Vajinal doğum mu?

Normal doğum adıyla bilinen yöntem, aslında vajinal doğumu ifade ediyor. Doğum eylemi, anne adayının hissedebildiği rahim kasılmalarının düzenli hale gelmesiyle (10 dakikada en az üç adet) başlayan ve önce bebeğin, sonra da plasentanın doğması ile sonuçlanan sürecin tümünü tanımlıyor. İlk evreyi doğum ağrılarının başlamasından, rahim ağzının bebeğin önde gelen kısmının dışarı çıkmasını sağlayacak tam açıklığa (10 cm) ulaşmasına dek geçen dönem oluşturuyor. İkinci evre rahim ağzının tam açıklığa ulaşmasından bebeğin doğmasına kadar geçen süre; üçüncü evre ise plasentanın çıkması ile sonuçlanıyor.

Annenin doğum için sezaryen gibi majör bir ameliyat geçirmemesi ve böylece daha hızlı mobilize olup, iyileşmesi vajinal doğumun avantajlarını oluşturuyor. Sezaryende görülen ameliyat geçirmeye özgü birtakım komplikasyonlar vajinal doğumda daha azalıyor. Anne ve bebek arasındaki iletişim de vajinal doğum sonrası daha hızlı ve etkili sağlanabiliyor. Bebek açısından bakıldığında, “yenidoğanın geçici takipnesi” adı verilen geçici solunum problemi ile yenidoğan ve erken çocukluk döneminde astım hastalığı da vajinal doğumdan sonra az görülüyor. Öte yandan annenin sütünün gelmesi ya da yenidoğan sarılığı açısından bakıldığında, vajinal doğum ile sezaryen arasında önemli bir fark bulunmuyor.
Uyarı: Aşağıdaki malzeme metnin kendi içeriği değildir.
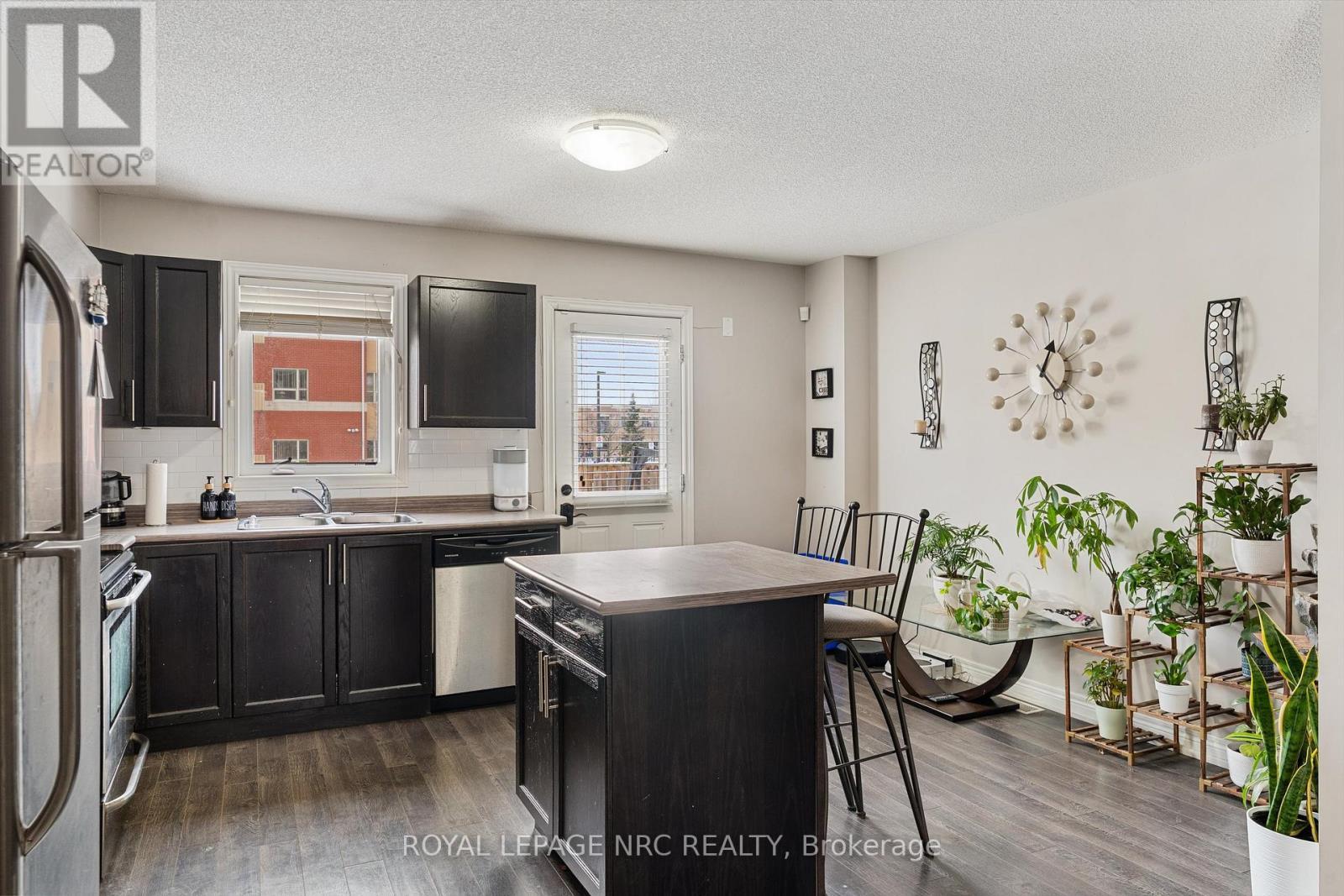 6 - 6118 Kelsey Crescent, Niagara Falls (Forestview), ON - Indoor Photo Showing Kitchen With Double Sink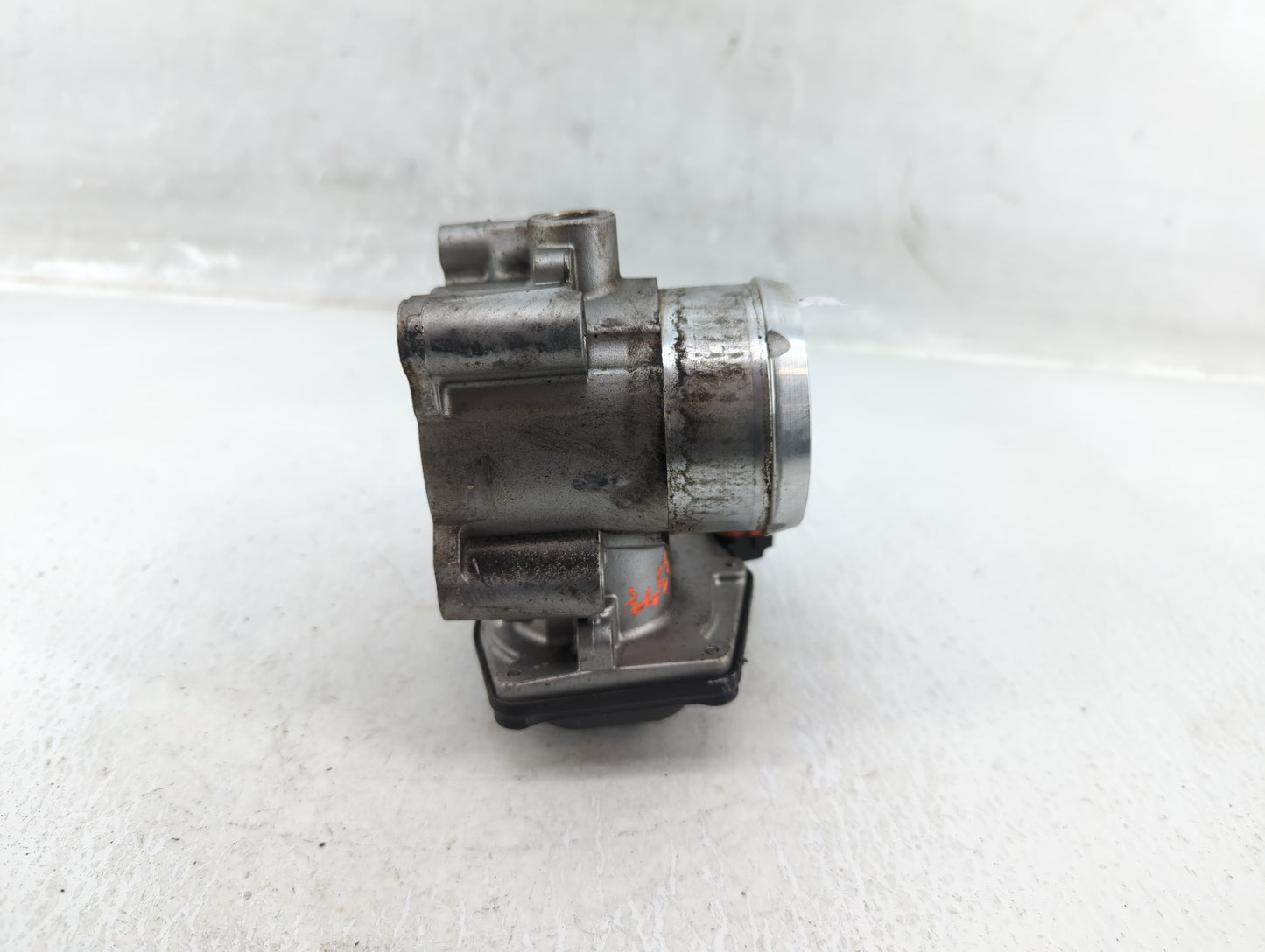 2017-2019 Ford Escape Throttle Body P/N:DS7G-9F991-BB Fits Fits 2014 2015 2016 2017 2018 2019 2020 OEM Used Auto Parts - Oem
Vajinal doğum sonrasında idrar torbası ve makatta sarkmalar, ilerleyen yıllarda idrar kaçırma problemleri, sezaryen doğumlarına göre daha fazla olabiliyor. Yani sezaryen ile doğum annenin pelvik tabanını koruyor. Vajinal doğum çok yakın takip gerektiriyor. Bebeğin 4500 gr’ın üstüne çıktığı durumlarda vajinal doğum risk taşıyabiliyor.

Sezaryen doğum mu?

Sezaryen doğum, bebeğin anne karnına yapılan bir kesiden ilerleyerek, rahmin kesilerek doğurtulmasını ifade ediyor. Aşamaları; anestezi (epidural ya da genel) uygulamasının ardından, anne karnının temizlenip örtülmesi, yatay bir kesi yapılarak karın içinden rahime ulaşılması, rahmin kesilerek açılıp bebeğin ve plasentanın çıkartılmasını kapsıyor. Takiben rahim ve batın katları anatomik planda cerrahi olarak kapatılıyor. Riskleri tüm cerrahi müdahalelerde olabilecek enfeksiyon, emboli ya da rahim kesisinin tekrar kanaması şeklinde sayılabiliyor. Bazen rahmin doğumdan sonra kasılmaması “atoni” denen duruma yol açarak, anne adayının aşırı kan kaybına yol açabiliyor. Bu durum rahmin alınmasına dek ilerleyebilecek bir sürecin başlamasına neden olabiliyor. Atoniye, sezaryen doğumlardan sonra daha fazla rastlanılsa da vajinal doğumların ardından da görülebiliyor.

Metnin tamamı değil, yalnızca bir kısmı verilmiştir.